LONELY NIGHTS

348 20 0
                                    

~You fall in love with
the most unexpected person,
at the most unexpected time.
-Author Unknown

It's been precisely ten days since I last spoke to Vincent, which was when he was leaving. I wouldn't say that I do not miss him, but I completely do and it's been exceptionally lonely these days. I was sprawled out on the sofa at Tina's watching a movie and stuffing my face with food. I've been feeling kind of odd these past few days. All I feel is blankness with him being gone for so long. I just needed to know if he was alright, but he didn't care if I was worried about him. He didn't even care to see if I was okay. I bit down on my lip and stayed silent with a sense that I had lost him. My eyes welled up with tears. I sniffled and felt the moistness on my cheeks. I was crying for that bastard.

I sobbed, bringing my hands to wipe the tears. "Oh my god Laura, what's wrong?" Dorothy sat on the right side of me while Tina came and placed a bowl of popcorn on the table, taking a seat to my left, hugging me from the side. I still felt the tears trickling down my face, but I couldn't stop myself from crying even more.

"What's up with your face?" Tina asked, turning me to face her while she stroked my cheeks. I couldn't exactly tell a lie. She'd see through it in a second. "It's Vincent, isn't it?" Dorothy asked, letting out a muffled sigh.

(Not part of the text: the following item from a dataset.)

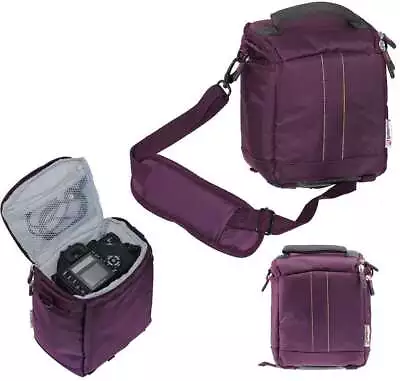 Navitech Purple Camera Bag For Panasonic Lumix DMC-FZ300 Digital Camera • $46.62
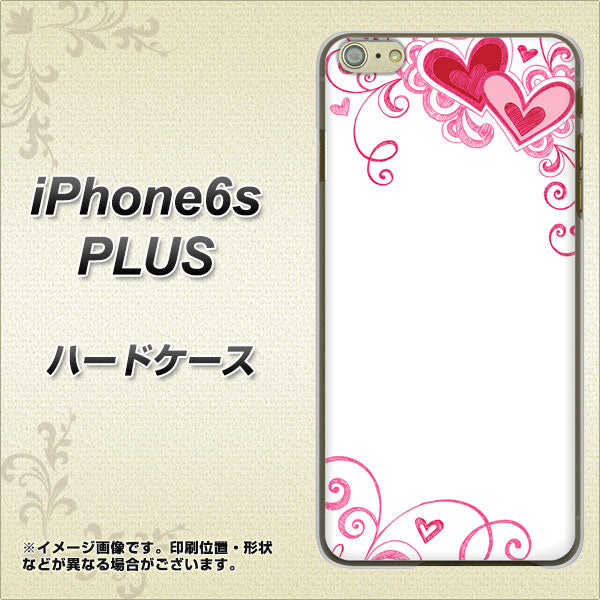 iPhone6s PLUS 高画質仕上げ 背面印刷 ハードケース【365 ハートフレーム】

"I can't put this all to an end, thinking about him. I don't know what all this means." I could feel a searing pain through my heart while my breath comes out unevenly. It has gotten inside my head and I despise that it's messing me up like this. I longed to see him, to listen to his voice, for him to embrace me, and let me know he's here by my side. Anything from him right now could ease the pain that I'm feeling. The loneliness is tugging at my heart and I cried harder remembering our times together.

"It's fine Laura to feel this way." I pouted and faced Dorothy, who once again sighs and took my hands into hers. "What do you mean what's happening?" I asked, pulling my hands away. As I rose to my feet with a growing sense of doom, Dorothy and Tina gave each other looks and looked back at me smiling. "You've fallen in love Laura" My heart raced as I stared at them. Several moments paused and I stood unmoving. This must be a sick joke, but their smiling faces said it all.

I released a sudden sigh. I tried to open my mouth to speak. But no words flowed out. I gulped. "Have I really fallen in love with him?" Then, with a little more strength, I asked, looking down at my bare feet, but it came out in a shaky whisper, barely audible. I left my place to go sit back on the sofa when I felt my arms wrapped around my body.

"I told you she was going to fall in love with him by this month," Tina whispered behind me and I frowned. I knew they were talking about me. "You owe me a hundred bucks," she all but yelled this time and I pulled away, watching them glare at each other. "What are you guys talking about-"

"Shh Laura!" Tina placed her bony finger on my lips, seizing my speech, while she held a conversation with Dorothy about me right in front of me; "How about she getting pregnant within a year or two years, or even a new wedding?" They were actually betting on what might happen in my life in the near future, directly in front of me. They all but shook their heads in agreement, grinning from ear to ear.

"You guys made a bet on me falling in love with Vincent. How unbelievable!" I folded my arms across my chest looking at them angrily. They high fived each other laughing at me.

"Hold on, I'm not getting pregnant nor am I getting'remarried' " I got up and pointed between the two of them. They looked at me giggling, continuing on with their conversation. "You can't deny these feelings, Laura. You should tell him how you feel. In any case, you're already married. We just need the confirmation of a pregnancy." And get embarrassed for the hundredth time. Not a chance. I'd rather go blind. "No, I'm not saying anything to him. Neither two of you are" I stormed out of the room, leaving them to finish their conversation.